Books February 2014

The Man Behind the Curtain

Biography of Laurence Olivier digs into actor’s personal life

As a child, Laurence Olivier (1907–89) claimed he wanted to become the “greatest actor in the world”.

For many, he fulfilled that ambition, and there are numerous biographies that bear out that contention. So many, in fact, that it is worth questioning why Philip Ziegler and his publisher thought it worthwhile turning out another.

In truth, this new biography reveals nothing that has not been discussed before when it comes to Olivier’s career. Still, it looks far more closely at his personal life and the demons that drove him.

The book is wonderfully crafted; Ziegler has a fine ear for detail and writes with great clarity and expression, making the biography a compelling read. Even at almost 500 pages, the pace does not flag and the reader is not overtaxed.

Olivier’s dazzling career is recorded in meticulous detail: the disappointments are recounted as well as the triumphs. His championing of London’s Old Vic Theatre and repertory company, and his determination to see through the establishment of the National Theatre, are soundly charted.

The latter endeavour was not by any means an easy row to hoe, and the reader is left in doubt as to the debt the nation owes. It is so easy, today, to take the South Bank for granted as a centre for theatrical excellence.

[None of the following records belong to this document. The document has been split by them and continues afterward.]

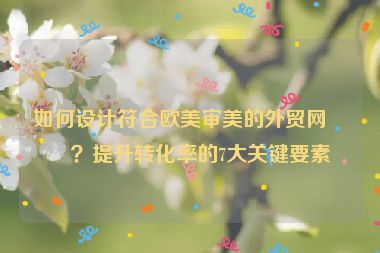 如何設(shè)計符合歐美審美的外貿(mào)網(wǎng)站？提升轉(zhuǎn)化率的7大關(guān)鍵要素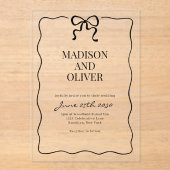 Whimsical Black Bow Tie Wedding アクリル招待状 (正面)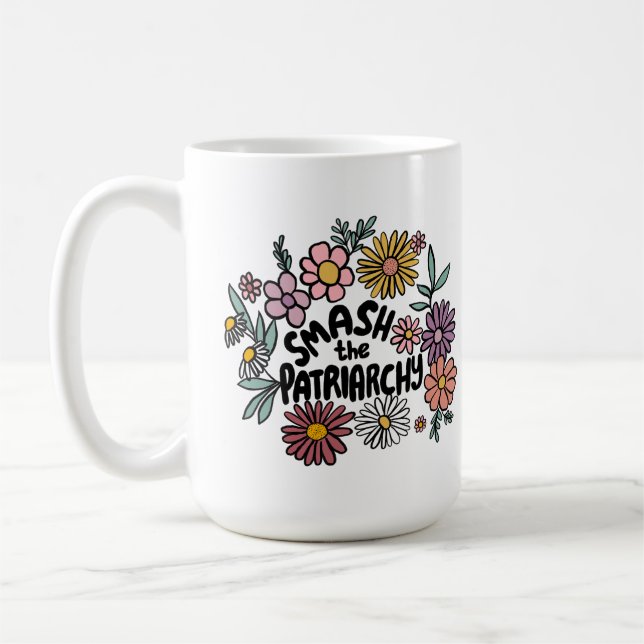 SMASH the PATRIARCHY Floral Cute Daisy Hand-Drawn Coffee Mug (Left)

The struggle to set it up, however, and create the company that would populate it, would prove to be as challenging and dramatic as much of what would later be presented on its stages.

Olivier would have been unable to pursue so much of his stage ambition—not to mention his comfortable lifestyle—if it had not been for his lucrative film career.

This, too, Ziegler explores in some detail, including the Hollywood box-office hits as well as Olivier’s own (successful) attempts at directing some of William Shakespeare’s greatest plays.

Through this discourse we learn a good deal about Olivier’s relationships with some of the other greats of the era. Here are John Gielgud, Ralph Richardson, Michael Redgrave and Alex Guinness, all rivals to some degree and yet he worked with every one of them.

Memorably, he and Gielgud alternated the parts of Romeo and Mercutio in Shakespeare’s tale of star-crossed lovers. We can only lament that there were no means to capture such performances on film or otherwise in those days. The shows were, by contemporary accounts, outstanding.

Nevertheless, Olivier’s relationships with his peers were not always smooth; he admitted such in one exchange: “You know what a c— I can be”.

Where Ziegler’s biography truly breaks new ground is in discussing Olivier’s personal life. His first marriage to Jill Esmond resulted in a son, Tarquin. By his own admission, Olivier was a delinquent father.

He was also an inconstant husband. Throughout his life Olivier indulged in numerous affairs with his leading ladies and others, and those accounts are examined appropriately.

His second marriage to Vivien Leigh is quite rightly explored in great depth and with great sensitivity. She was extremely beautiful and very talented, but increasingly suffered from clinical depression over the years of their union.

Ziegler paints a powerful portrait of the way in which the couple sought to maintain an outward picture of domestic bliss while dealing with mutual infidelities and a deteriorating hold on reality.

Finally Olivier is rescued by his relationship with Joan Plowright—his third wife, Lady Olivier—but even then he appears unable to remain faithful.

This is—in the clichéd term—a warts-and-all biography. It serves its subject well by and large, but it is fair to say that Olivier does not emerge as a likeable man.

What is also true is that for someone who played so many roles with which people can strongly identify—Archie Rice, John Tagg and Henry V among others—we do not really get to know Olivier himself. But that should not come as a surprise; those who worked most closely with him claimed the same. He even said it of himself.

Olivier could walk down a street and not be recognised: he looked like a banker or someone from the city. And yet, when he walked into a room that mattered to him, he turned heads and electrified it.